The public cloud represents an opportunity for fast and near infinite infrastructure scalability. Therefore, without the correct guardrails, public cloud spend can easily spiral out of control. In some cases, unexpected cost overruns got so bad, they were reported to account for 10 percent of the repatriation of workloads away from public cloud. Fortunately, there is an arsenal of options at your disposal to get your cloud spend in check. These range from adjusting the services you consume and implementing new financial controls, to adapting your application architectures to take advantage of cloud capabilities.
Reducing Current Spend: Changing How Services Are Consumed
One of the most obvious ways to reduce current cloud spend is to reduce the amount you consume by promoting efficiency. This does not mean sacrificing performance or capabilities, but rather, to more closely match your consumption to your needs, so that you are not paying for idle resources. The average utilization rate for hardware in a data center is around 20 percent, which means organizations are provisioning (and paying for) copious amounts of unutilized overhead capacity. Instead of letting this expensive habit follow you to the cloud, change your organization’s behavior to take advantage of the flexibility of the cloud, and rightsize your computing instances to appropriate levels. You may have already gone through a rightsizing exercise when you migrated, but this is not a once-and-done activity. Set target minimum and maximum utilization rates and continually monitor and rightsize your environment without fear of needing to provision today for the next three or five years of use. As your organization becomes more advanced, automated scaling and provisioning strategies can also dramatically increase infrastructure utilization rates, driving a more efficient spend.

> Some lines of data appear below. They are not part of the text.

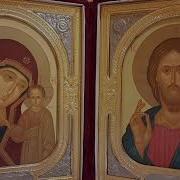 Вечерние И Утренние Молитвы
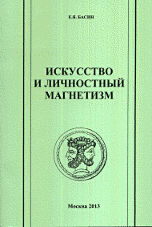 Искусство и личностный магнетизм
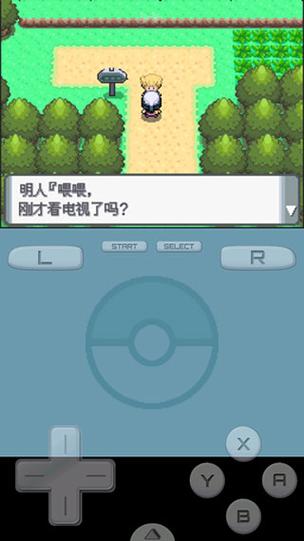 口袋妖怪内置菜单修改器下载缩略图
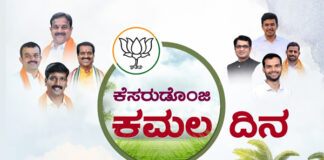 (ಜುಲೈ-03) “ಕೆಸರುಡೊಂಜಿ ಕಮಲ ದಿನ”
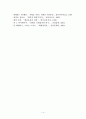 환경 협약 및 NGO에 대한 문제 제기-교토의정서와 그린피스에 대한 새로운 시각 제시- 14페이지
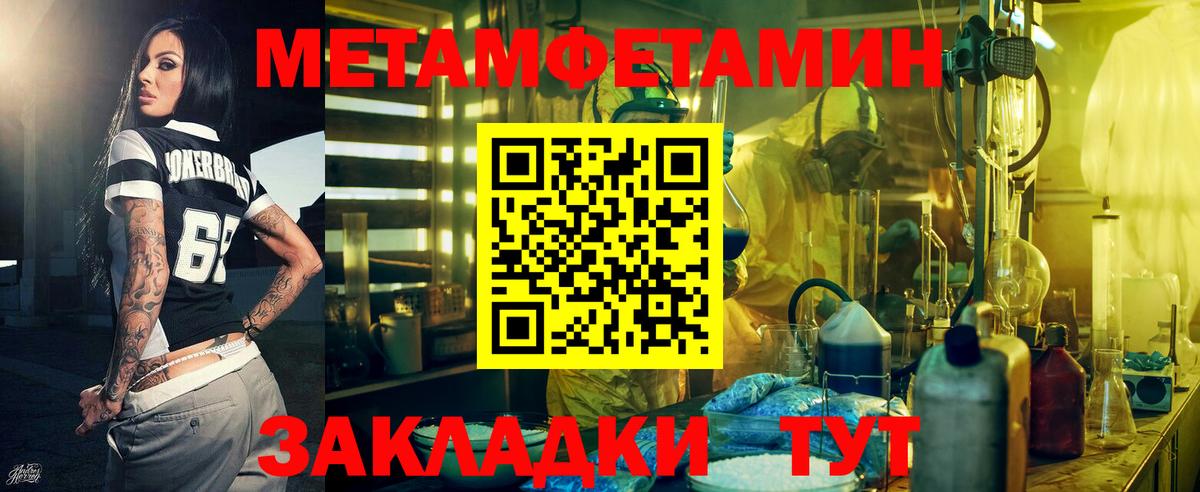 Amphetamine  Amphetamine  Вольск  Вход с VPN  Амфетамин 98% 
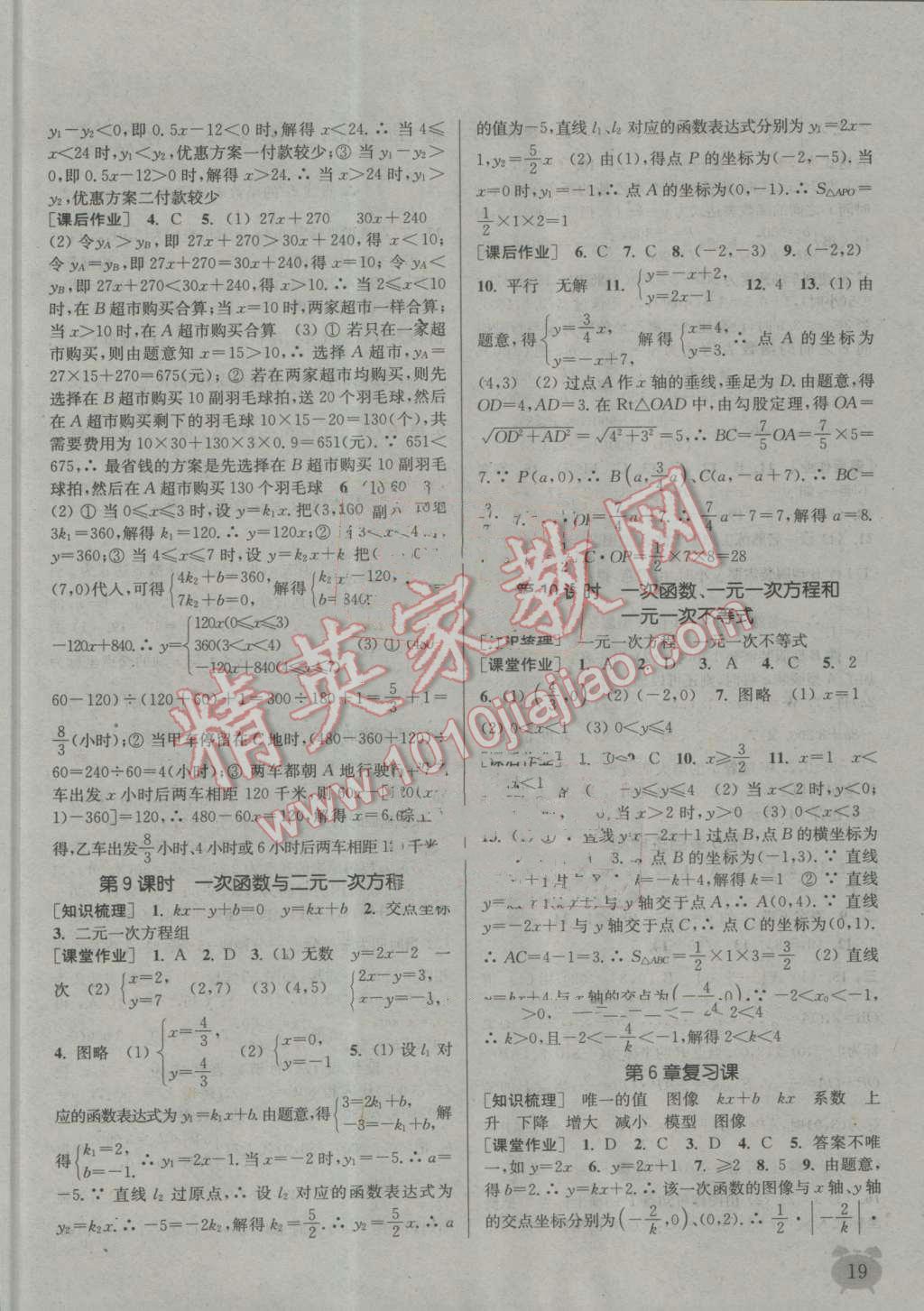 2016年通城学典课时作业本八年级数学上册江苏版江苏专用 第18页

A popular tweet by a handle called Deadprogrammer, said it well: the cloud is not about paying for what you use, it is about paying for what you forgot to turn off. We therefore recommend regular scans of your environments to check for orphaned instances and unused capacity. Despite your best efforts, the freedom of the cloud will inevitably lead to some services getting turned on and subsequently forgotten, while they quietly add to your monthly bill. Our best practices include checking for stopped compute instances, unattached storage volumes, unused load balancers and NAT gateways and to rotate your logs after their retention period has expired.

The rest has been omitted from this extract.